▸ Exercise directions
Leaving out all pictures, give again each line exactly, from the start of the listing through the line that contains "401 N Busch ST, Mountain Grove, MO 65711".

▸ Study material
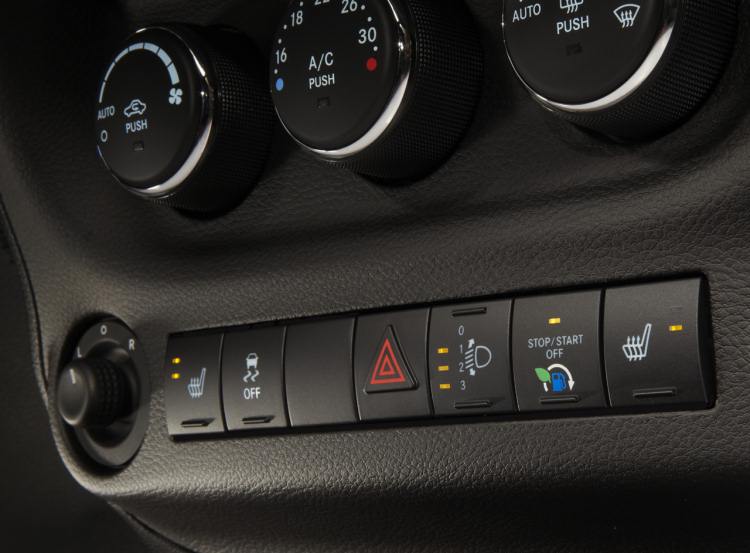 Any pics of heated seats buttons on 2011 Interior?  - The top  destination for Jeep JK and JL Wrangler news, rumors, and discussion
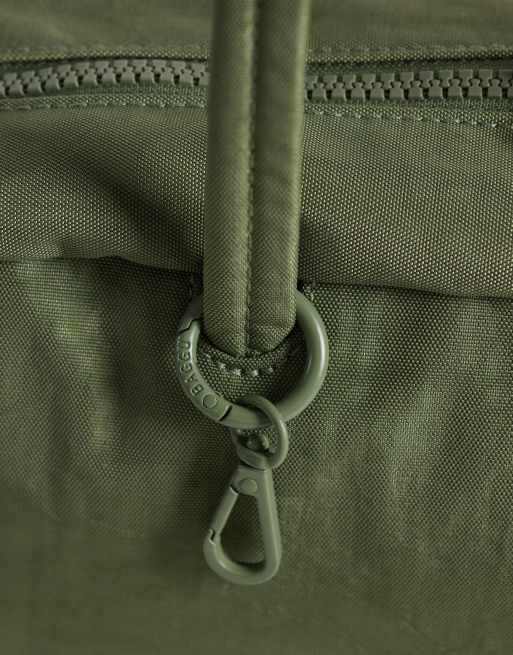 Baggu nylon bowler axelväska i ljus oliv, 3 av 4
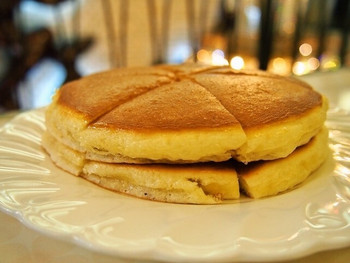 「純喫茶 アメリカン」料理 1150052 ホットケーキ 結構分厚いですね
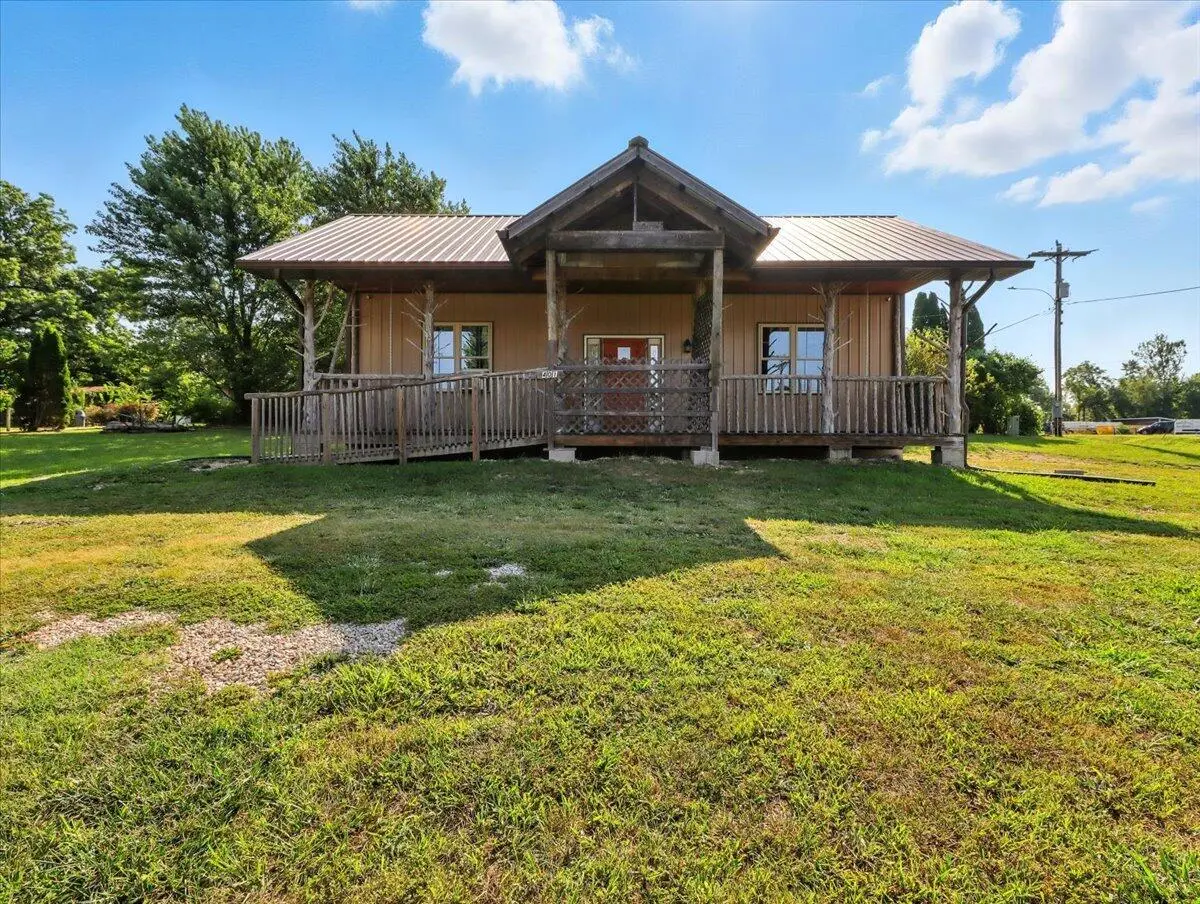 401 N Busch ST, Mountain Grove, MO 65711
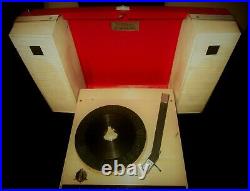 UNIQUE VINTAGE RED SANYO BRIEFCASE STEREOPHONIC RECORD PLAYER & RADIO FROM 70s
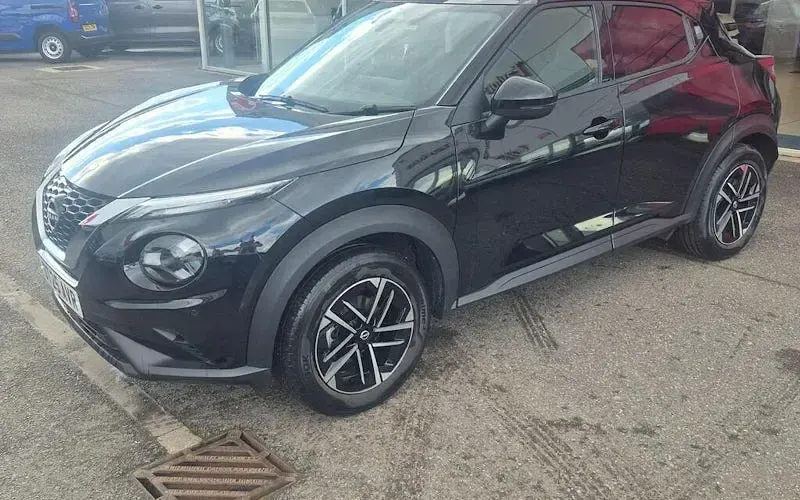 Used Nissan Juke N-Connecta 114 HP (83 kW) 2025 Black SUV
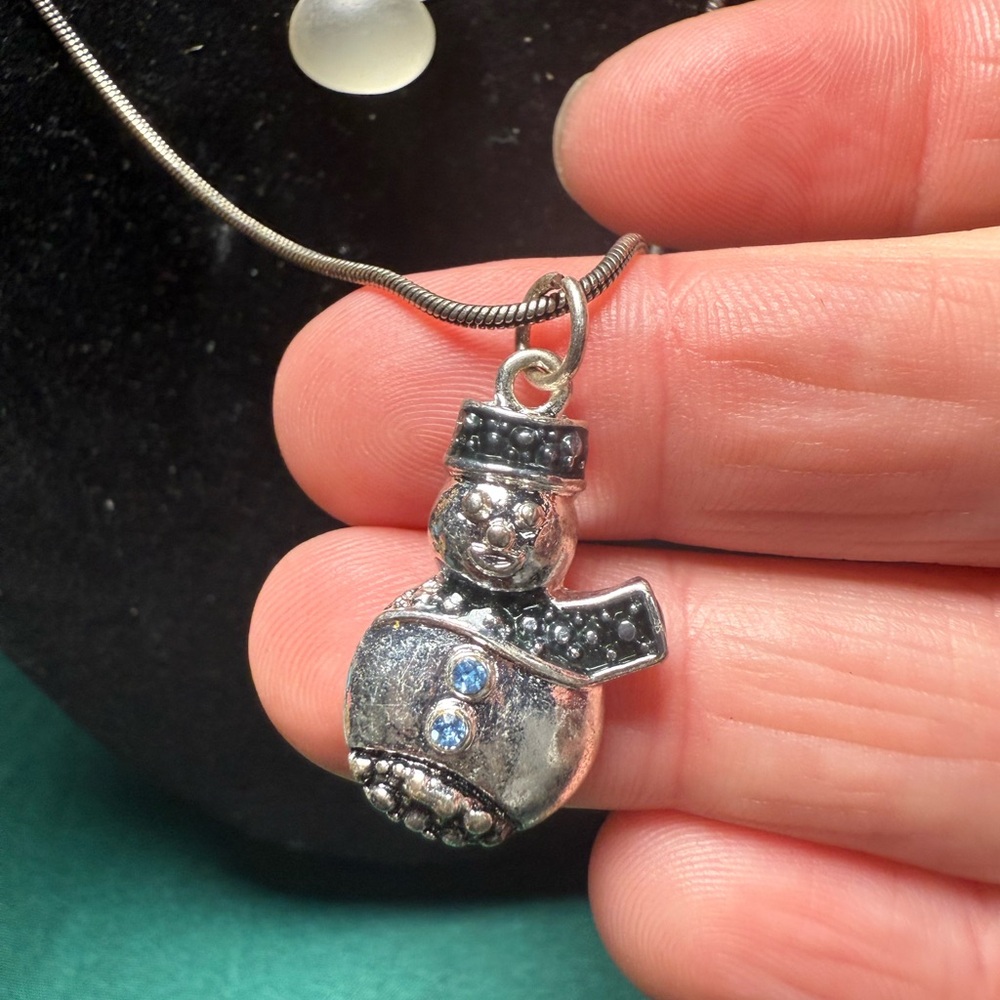 Holiday‎ Festive Bundle Earrings and necklaces - Picture 9 of 10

▸ Exercise output
 Any pics of heated seats buttons on 2011 Interior?  - The top  destination for Jeep JK and JL Wrangler news, rumors, and discussion
 Baggu nylon bowler axelväska i ljus oliv, 3 av 4
 「純喫茶 アメリカン」料理 1150052 ホットケーキ 結構分厚いですね
 401 N Busch ST, Mountain Grove, MO 65711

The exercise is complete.